At Siggraph 2024, Nvidia and holographic display company Looking Glass gave onlookers something to call home about, showing off their most recent 3D videoconferencing research in the Nvidia Innovation Zone, using each other’s newest offerings. The demo was called Magic Mirror. The setup was simple, as is the technology behind it in terms of its usage, while under the hood, it is a completely different story.
Magic Mirror’s components included a basic webcam, Nvidia’s Maxine AI developer platform, Nvidia Inference Microservices (NIMs), and Looking Glass’s spatial displays. Nvidia RTX 6000 Ada GPUs are used as well.

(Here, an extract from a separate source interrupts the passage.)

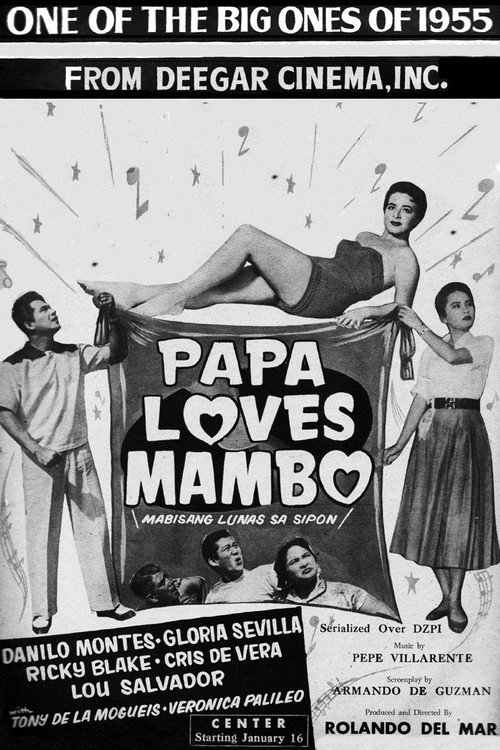Papa Loves Mambo — постер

Maxine is a suite of high-performance NIMs and SDKs for deploying AI features that enhance audio, video, and AR effects for videoconferencing and telepresence. Part of Nvidia AI Enterprise, NIM microservices are easy to use and, says Nvidia, provide secure and reliable deployment of high-performance AI model inferencing across clouds, data centers, and workstations.
In the demo, Nvidia highlighted Maxine’s latest advancements of cutting-edge AI features that developers can use to enhance audio and video quality as well as enable AR effects. This includes Maxine’s advanced 3D AI capabilities in Maxine 3D, Maxine Video Relighting, and Maxine Eye Contact NIM, as well as Audio2Face-2D.
Available soon in early access, Maxine 3D uses AI, neural reconstruction, and real-time rendering to convert 2D video portrait inputs into 3D avatars in real time. It also harnesses NeRFs to reconstruct detailed 3D perspectives from single 2D images, says Nvidia. The end result is the integration of highly realistic digital humans in videoconferencing and other two-way communication applications.
In early access at this time, Audio2Face-2D, meanwhile, animates static portraits based on audio input, creating dynamic, speaking digital humans from a single image.
In the Magic Mirror demonstration, these advanced 3D AI capabilities were used to generate a real-time holographic feed of users’ faces on Looking Glass’s 16- and 32-inch group-viewable holographic displays, which recently began shipping.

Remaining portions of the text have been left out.